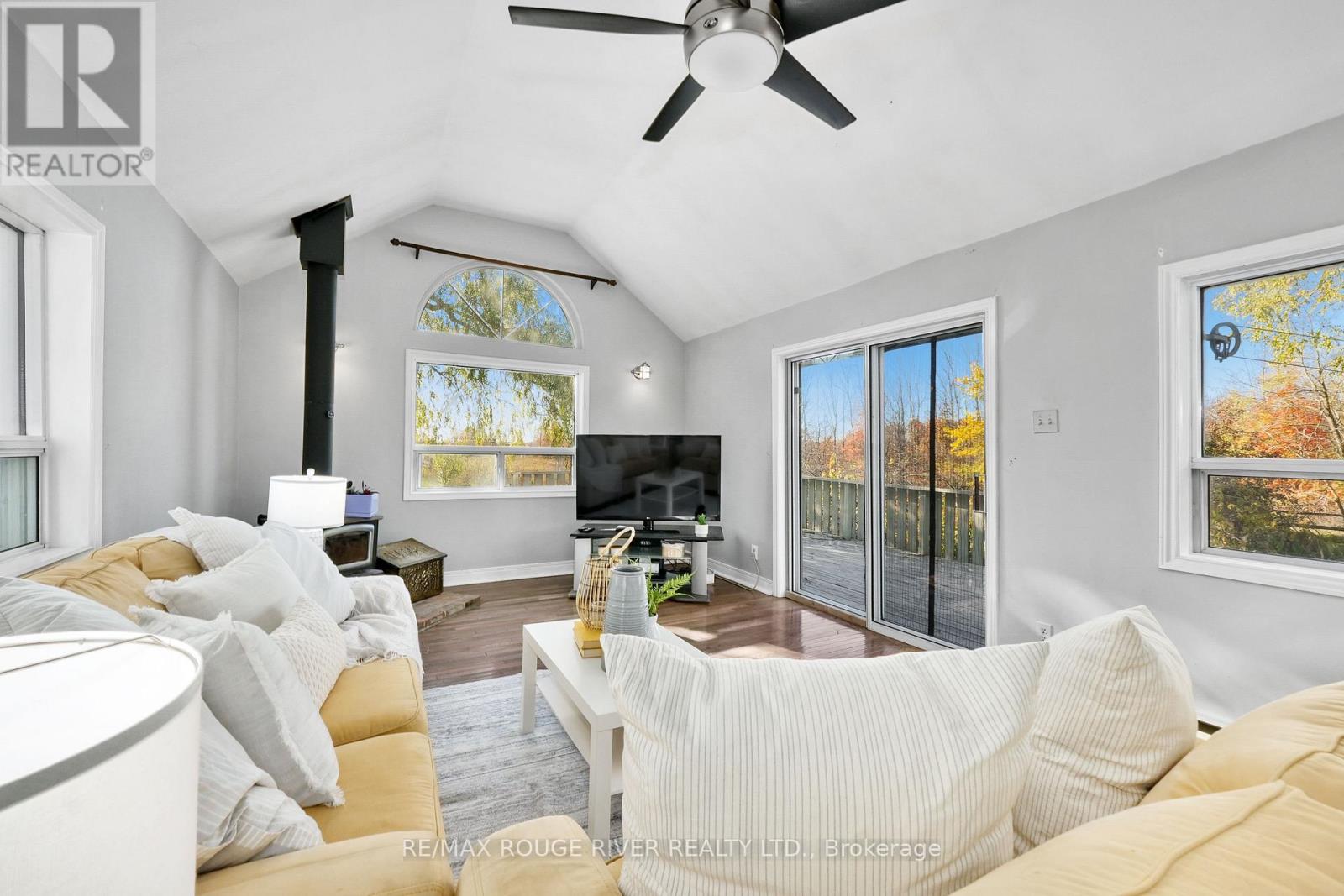 111 Concession Rd.8 W, Trent Hills, Ontario K0K 3K0 - Photo 21 - X12488770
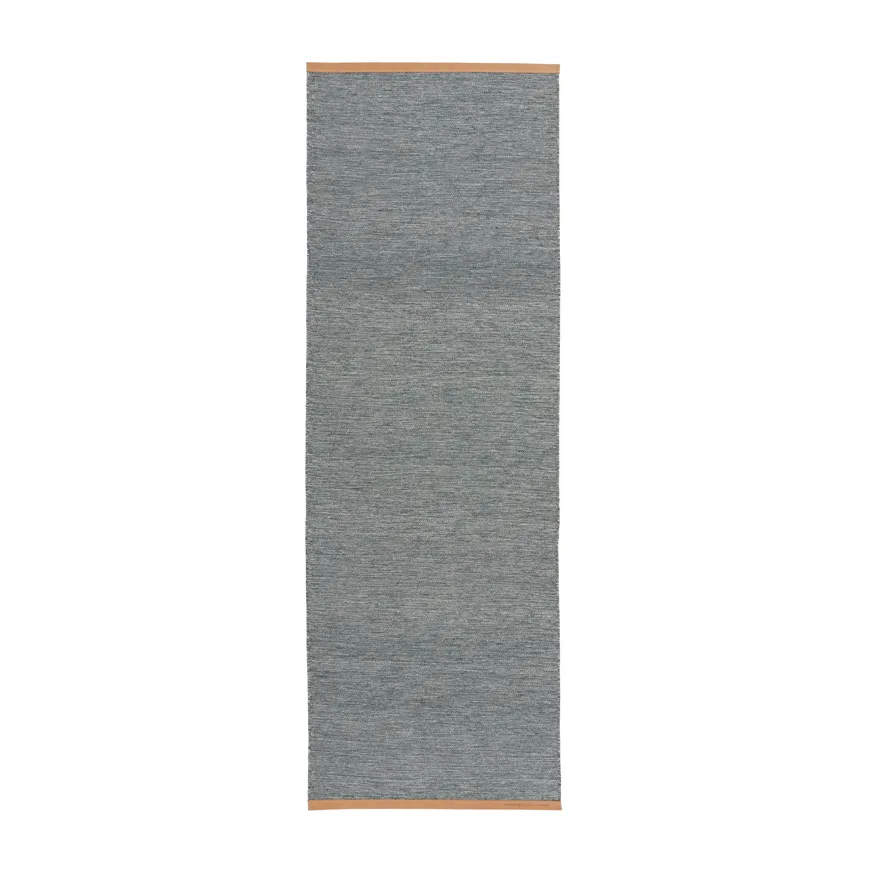Björk rug green-off-white, 80x250 cm Design House Stockholm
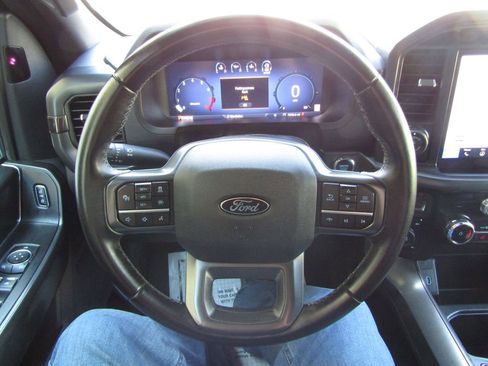 Used 2024 Ford F150 XLT w/ Equipment Group 302A MID image 27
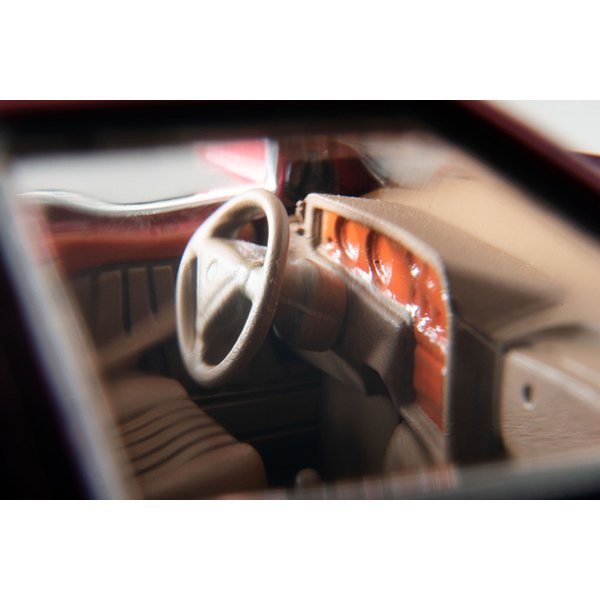 画像8: TOMYTEC 1/64 Limited Vintage NEO Lancia Theme 8.32 Phase I (Red)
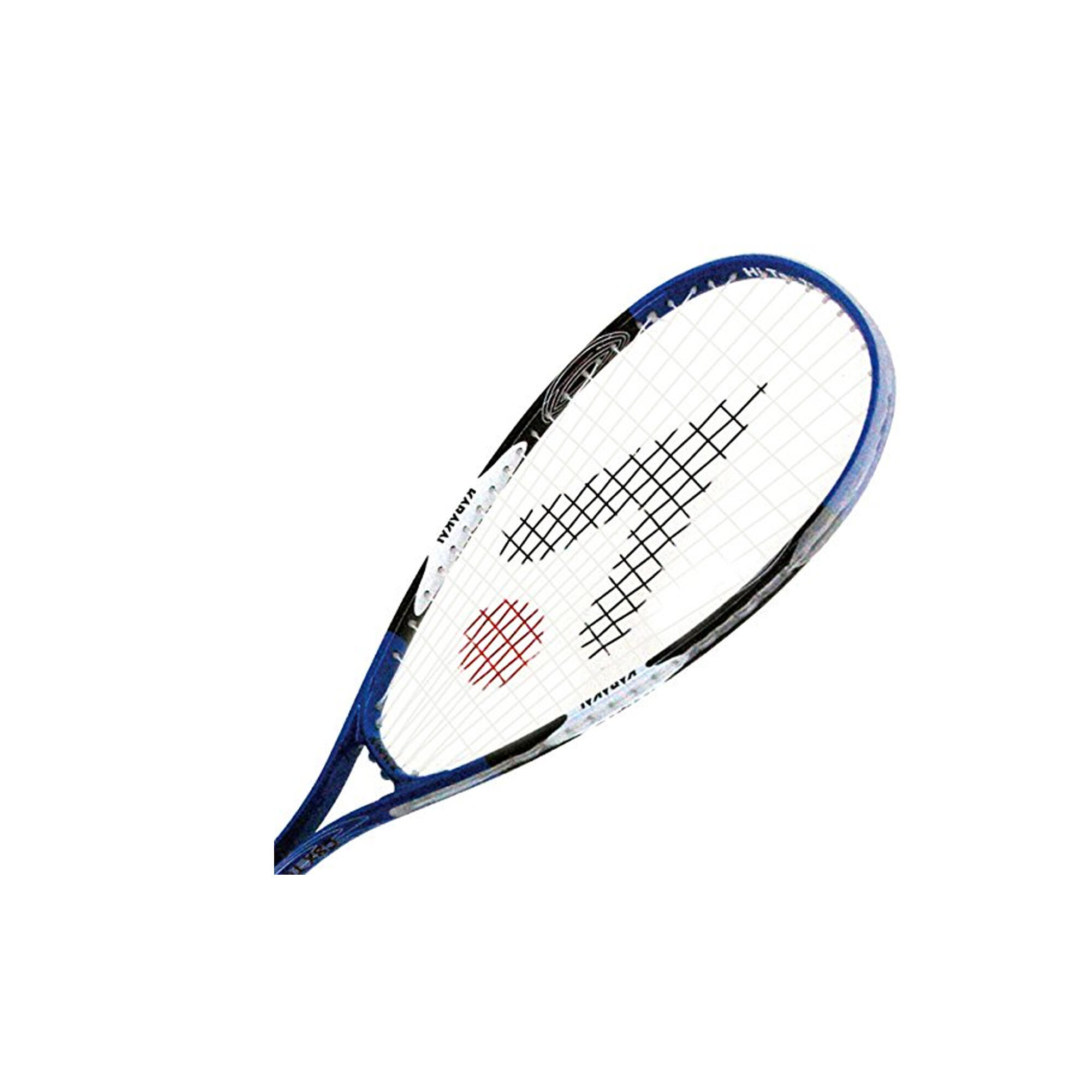 CSXTour Squash Racket (Navy/Black) 3/3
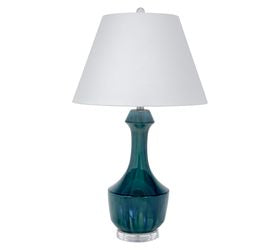 Lilah Ceramic Lamp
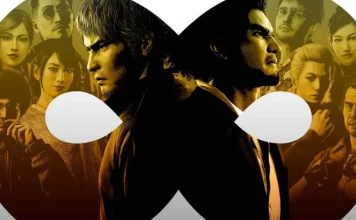 Like A Dragon Infinite Wealth – Análise da Central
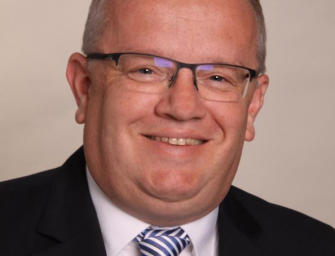 Sicherheitsherausforderungen für die neuen Technologien in Europa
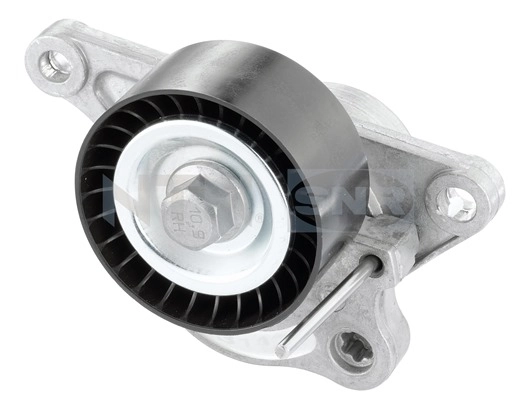 Reguladora de tensão da correia de transmissão para Renault Scenic JM0, JM1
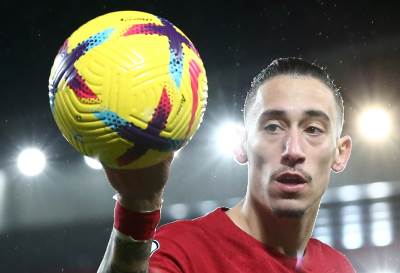  Kostas Cimikas produžio ugovor s Liverpulom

• • • • • • •

# What you should do
Nothing but the lines from the line containing "Sicherheitsherausforderungen für die" through the last line of the listing above should appear, output exactly, with no pictures.

# Your response
 Sicherheitsherausforderungen für die neuen Technologien in Europa
 Reguladora de tensão da correia de transmissão para Renault Scenic JM0, JM1
  Kostas Cimikas produžio ugovor s Liverpulom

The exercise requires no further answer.